Una ciudad solidaria con la causa del pueblo saharaui
   Fecha: 09/07/04
Autor: Diario de Cádiz


   
Un año más la Asociación Amal Esperanza trae a niños refugiados del Sáhara. El alcalde dio la bienvenida en nombre de la ciudad.

   
El salón de plenos del Ayuntamiento presentó ayer una estampa distinta a la habitual: los asientos fueron ocupados en esta ocasión por los niños saharauis que gracias a la Asociación Amal Esperanza pasan en la ciudad los meses de julio y agosto. El alcalde, Hernán Díaz, dio la bienvenida a los 42 niños (32 acogidos por familias portuenses y 10 por la asociación Afanas) que este año han llegado a la ciudad. Manifestó, además, "la profunda alegría que, como hombre de fe, le da saber que El Puerto abre sus puertas, un año más, para colaborar con el pueblo saharaui". Aprovechó la ocasión para "agradecer a las familias la ayuda que año tras año prestan desinteresadamente".

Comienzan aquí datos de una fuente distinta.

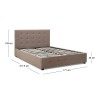 Κρεβάτι Iro Megapap υφασμάτινο με αποθηκευτικό χώρο χρώμα μπεζ - καφέ 160x200εκ.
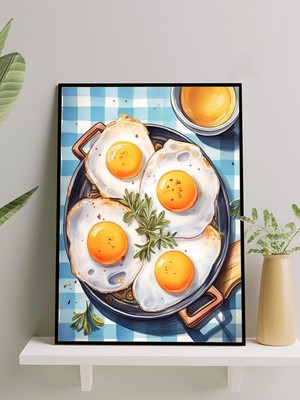 Sunny Side Up, Güneşte Yumurtalar Natürmort Mutfak Çerçeveli Tablo - Çerçeveli Poster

En la actualidad, tras numerosos conflictos de índole económica y política, el pueblo saharui se encuentra abandonado a su suerte. Desde su nacimiento, la asociación Amal Esperanza se ha dedicado a brindar ayuda desinteresada a los refugiados del Sáhara, acogiendo durante los meses de verano a niños y niñas. Conocer, ayudar y proteger a estos niños se ha convertido en el objetivo principal de esta asociación que un año más ha logrado dibujar la sonrisa de estos pequeños. Aquí se les ofrece la posibilidad de revisiones médicas para corregir posibles enfermedades. contribuir a su formación.

El momento más emocionante llegó cuando una de las niñas pertenecientes a una familia de la asociación leyó un escrito en el que manifestó su "agradecimiento al alcalde por recibir a los que ya considero mis hermanos y hermanas". Aludió además, a la figura del rey Hassan II de Marruecos, "pensaba que los reyes eran buenos, que se preocupaban por ayudar a los demás; pero eso sólo ocurre en los cuentos"

Las familias coinciden a la hora de valorar positivamente la experiencia. Amal Esperanza trabaja durante todo el año realizando campañas con el fin de mantener una ayuda constante con este pueblo tan necesitado.